Generation Z activists are using social media and the power of their voices to initiate change

Student+participants+in+the+nationwide+walkout+on+April+20+gather+to+hear+speeches+from+classmates.

David Vahey

Student participants in the nationwide walkout on April 20 gather to hear speeches from classmates.

“You keep doing things like this, you’ll be taking Trump’s place one day,” a woman told me as she took a flyer from my hand at a booth at the March For Our Lives. On the train to the Cleveland Pride Parade, I remember a couple with a baby adorning a shirt saying “I Love My Two Gay Dads.” They turned to my friends and I, who were covered in tie-dye and rainbows, and said “I can’t wait until your generation is running this country.”

Centennials have started taking over the resistance movement, people other than those on the cover of Time magazine, like Cameron Kasky and Emma Gonzalez. They are leading, organizing and advocating. They are trying to pressure Congress face to face to ensure all Americans are protected and treated as equals. We are called Generation Z.

Exercising First Amendment rights is a characterizing trait of Generation Z’s activism. Protests taking a stand for gun control have taken high schools by storm. According to the New York Times, over 800 protests in the name of March For Our Lives took place in every American state and every continent except Antarctica. Students hosted the protests and their speeches were the main event, like David Hogg’s speech in Washington D.C. Last year, on March 14, Shaker students took part in a nationwide school walkout, observing 17 minutes of silence for the 17 victims of the Marjory Stoneman Douglas High School shooting. The shooting became a turning point because of the survivors who channeled their grief into activism.

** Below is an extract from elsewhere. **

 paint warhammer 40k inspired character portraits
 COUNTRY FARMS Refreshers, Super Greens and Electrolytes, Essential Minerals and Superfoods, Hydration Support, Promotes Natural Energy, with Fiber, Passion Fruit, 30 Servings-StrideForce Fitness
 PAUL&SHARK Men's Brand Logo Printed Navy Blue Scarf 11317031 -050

Columbine is known as the first mass school shooting in modern American history. Sandy Hook is known as one of the most tragic. Parkland is distinguishable from past school shootings because it finally forced a change of mindset in America. The March For Our Lives gathered an estimated 800,000 protesters in Washington, D.C. The survivors of Parkland are some of the most determined and passionate faces of this generation because they are holding the nation’s leaders accountable.

Parkland survivors have access to social media and use it not as a weapon, but as a tool. Generation Z kids have taken advantage of the power social media offers. Instagram, Snapchat and Twitter is the reason for the movement’s snowballing effect. Black Lives Matter has become five years old, and the protest started from a hashtag. The women leading the #MeToo movement made the cover of Time magazine as well as the Parkland survivors. These three movements all started on social media. They were mediums for protests, like when David Hogg lead over a dozen sponsors to pull out of the Ingraham Angle after the host, Laura Ingraham, insulted him on Twitter for getting rejected from college. David Hogg’s Twitter campaign was the cause. Sending telegrams to Office Depot wouldn’t have the same effect as thousands upon thousands of retweets.

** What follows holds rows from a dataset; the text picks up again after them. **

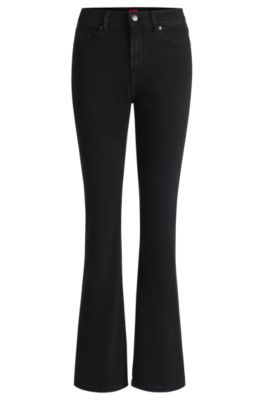 Hugo Boss Slim-fit Jeans In Black Stretch Denim In Black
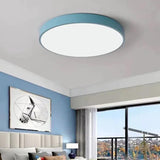 Blue Bedroom Modern Flush Ceiling Lights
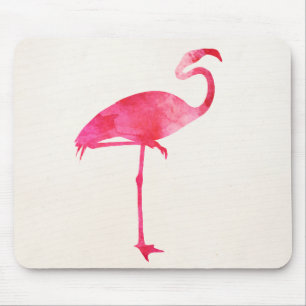 Rosa Flamingowatercolor-Silhouette-Florida-Vögel Mousepad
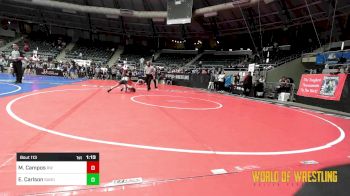 67 lbs Quarterfinal - Matthew Campos, RedWave Wrestling vs Easton Carlson, Sanderson Wrestling Academy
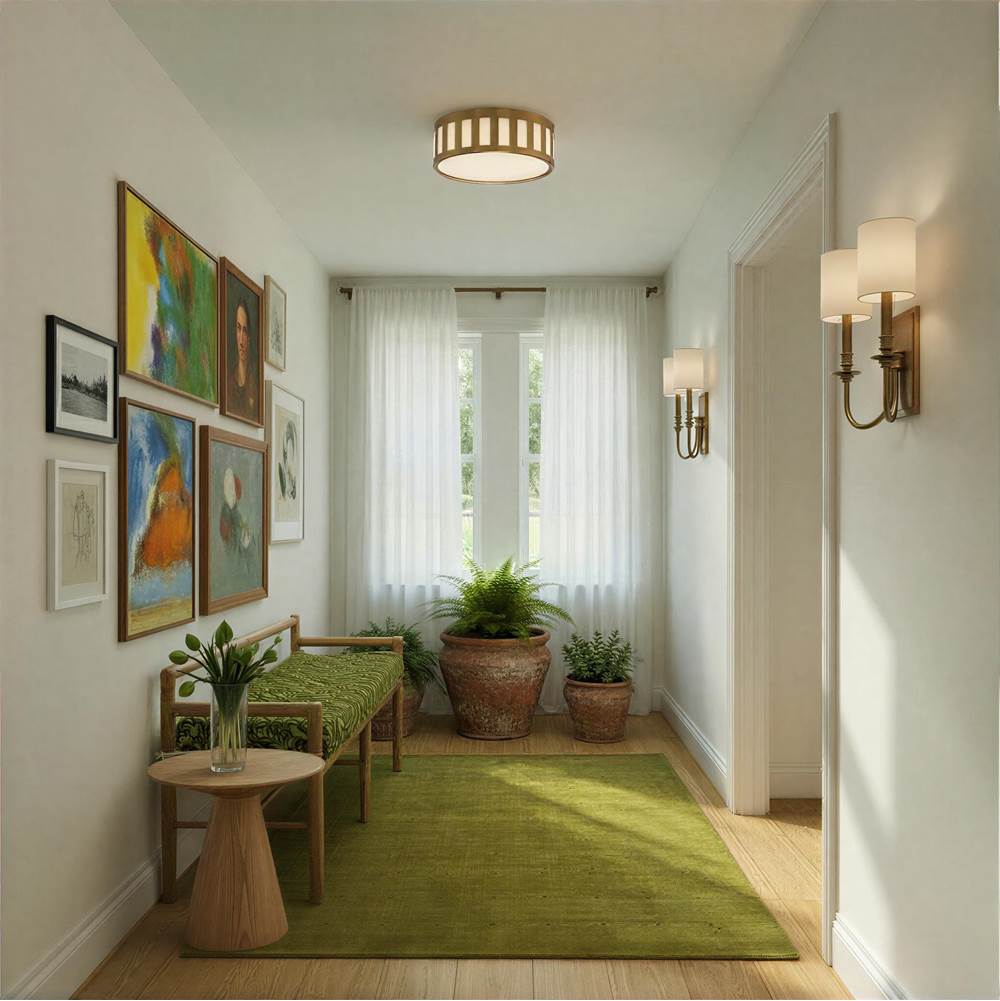Crystorama LLO-482-AG Aged Brass Lloyd 2 Light Aged Brass Sconce Image 2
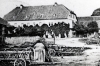 Rittergut mit Gutshof um 1900, Ansicht auf den Gutshof Richtung Nord-West. (© Stadt Frankenberg Eder)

The activism also stems from people showing up to the protests, signs and megaphones in hand. The Women’s March in 2017 had thousands of people around the world marching in protest of Donald Trump’s inauguration, with one million in D.C. World wide protests against Hitler were not this big in the twentieth century, because people then didn’t have our modern liberties or our access to social media that spread the word for the cause. The influence of social media was the driving force of this protest.

The new dawn of technology has helped centennials to attempt stopping history from repeating itself. Tragedies and times of division have struck America before.

Even as children, before we could crawl, walk, or march, it was tense. George W. Bush certainly was put in tight spots, and Obama faces racism and scrutiny up to this day. Our parents crawled and walked, sometimes even marched, during their lifetimes. They saw Martin Luther King, Jr., Richard Nixon and Bill Clinton. This doesn’t invalidate the people before 1995 that were brave and passionate enough to stand up and fight the power when it was taking advantage of them. But those that have come before us see something new arising.

The biggest protest in the last fifty years is when people began labeling themselves as conscientious objectors and fought peacefully, in the Vietnam War. But at that time, the riots engulfing America can be attributed to people feeling threatened by unprovoked death and loss. Liberties are being threatened now, and that is what is forcing the youth of America to stand up. They stood up when Trump bragged about sexual assault, when the right to abortion was threatened, and when transgender people were banned from the military.  

We went from crawling to marching, and next we’ll be voting. Politicians should be sleeping with one eye open, because next we’re taking the Senate by storm.